Google has released Chrome 88 security update (88.0.4324.96) for Windows, Mac and Linux with fixes for 36 vulnerabilities. The tech giant also released a Chrome browser update for Android.
An attacker could exploit these vulnerabilities to take control of impacted systems.
As part of the Chrome security update, Google patched one Critical vulnerability CVE-2021-21117, an ‘Insufficient policy enforcement in Cryptohome.’
In addition, Google also fixed nine High severity vulnerabilities, as reported by external researchers:
- CVE-2021-21118: Insufficient data validation in V8.
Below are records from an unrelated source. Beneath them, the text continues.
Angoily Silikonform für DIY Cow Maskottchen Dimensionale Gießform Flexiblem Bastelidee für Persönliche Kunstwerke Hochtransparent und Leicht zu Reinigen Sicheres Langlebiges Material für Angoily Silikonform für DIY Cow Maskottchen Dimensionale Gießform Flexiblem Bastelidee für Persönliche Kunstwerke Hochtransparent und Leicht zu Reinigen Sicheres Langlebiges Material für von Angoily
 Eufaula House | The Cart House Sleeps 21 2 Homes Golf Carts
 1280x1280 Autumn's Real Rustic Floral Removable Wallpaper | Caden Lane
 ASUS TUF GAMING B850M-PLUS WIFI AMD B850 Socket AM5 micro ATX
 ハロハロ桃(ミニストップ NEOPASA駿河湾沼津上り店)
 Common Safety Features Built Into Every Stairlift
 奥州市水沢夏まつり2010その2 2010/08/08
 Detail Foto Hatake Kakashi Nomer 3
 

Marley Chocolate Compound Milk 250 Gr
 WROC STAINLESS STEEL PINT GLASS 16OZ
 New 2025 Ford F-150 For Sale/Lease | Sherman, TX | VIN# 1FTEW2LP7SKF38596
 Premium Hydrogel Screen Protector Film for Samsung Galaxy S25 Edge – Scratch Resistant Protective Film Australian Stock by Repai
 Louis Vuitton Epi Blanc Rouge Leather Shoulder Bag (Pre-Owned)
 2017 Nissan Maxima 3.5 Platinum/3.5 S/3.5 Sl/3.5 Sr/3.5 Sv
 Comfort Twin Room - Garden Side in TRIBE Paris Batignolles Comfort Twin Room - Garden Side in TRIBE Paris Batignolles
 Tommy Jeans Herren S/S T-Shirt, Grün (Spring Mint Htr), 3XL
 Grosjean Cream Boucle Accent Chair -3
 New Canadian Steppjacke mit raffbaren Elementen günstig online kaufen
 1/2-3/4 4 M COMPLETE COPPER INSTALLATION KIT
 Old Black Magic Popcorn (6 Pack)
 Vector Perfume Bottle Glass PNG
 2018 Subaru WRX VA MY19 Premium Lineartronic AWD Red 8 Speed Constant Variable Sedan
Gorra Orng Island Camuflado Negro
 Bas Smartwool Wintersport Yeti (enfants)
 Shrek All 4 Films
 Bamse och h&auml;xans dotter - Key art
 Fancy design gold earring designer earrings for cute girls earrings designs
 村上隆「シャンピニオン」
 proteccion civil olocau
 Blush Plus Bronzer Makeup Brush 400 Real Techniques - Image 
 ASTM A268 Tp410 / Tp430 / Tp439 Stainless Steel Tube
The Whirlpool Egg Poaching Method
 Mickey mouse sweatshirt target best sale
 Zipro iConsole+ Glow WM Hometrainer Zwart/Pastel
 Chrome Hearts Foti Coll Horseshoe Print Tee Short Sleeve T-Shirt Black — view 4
- CVE-2021-21119: Use after free in Media.
- CVE-2021-21120: Use after free in WebSQL.
- CVE-2021-21121: Use after free in Omnibox.
- CVE-2021-21122: Use after free in Blink.
- CVE-2021-21123: Insufficient data validation in File System API.
- CVE-2021-21124: Potential user after free in Speech Recognizer.
- CVE-2021-21125: Insufficient policy enforcement in File System API.
- CVE-2020-16044: Use after free in WebRTC.
Moreover, Google addressed 10 Medium and 6 Low severity vulnerabilities also discovered by external researchers. None of the vulnerabilities had any known public exploits at the time of the publication on January 19.
Finally, Google also released Chrome 88 (88.0.4324.93) for Android that includes stability and performance improvements.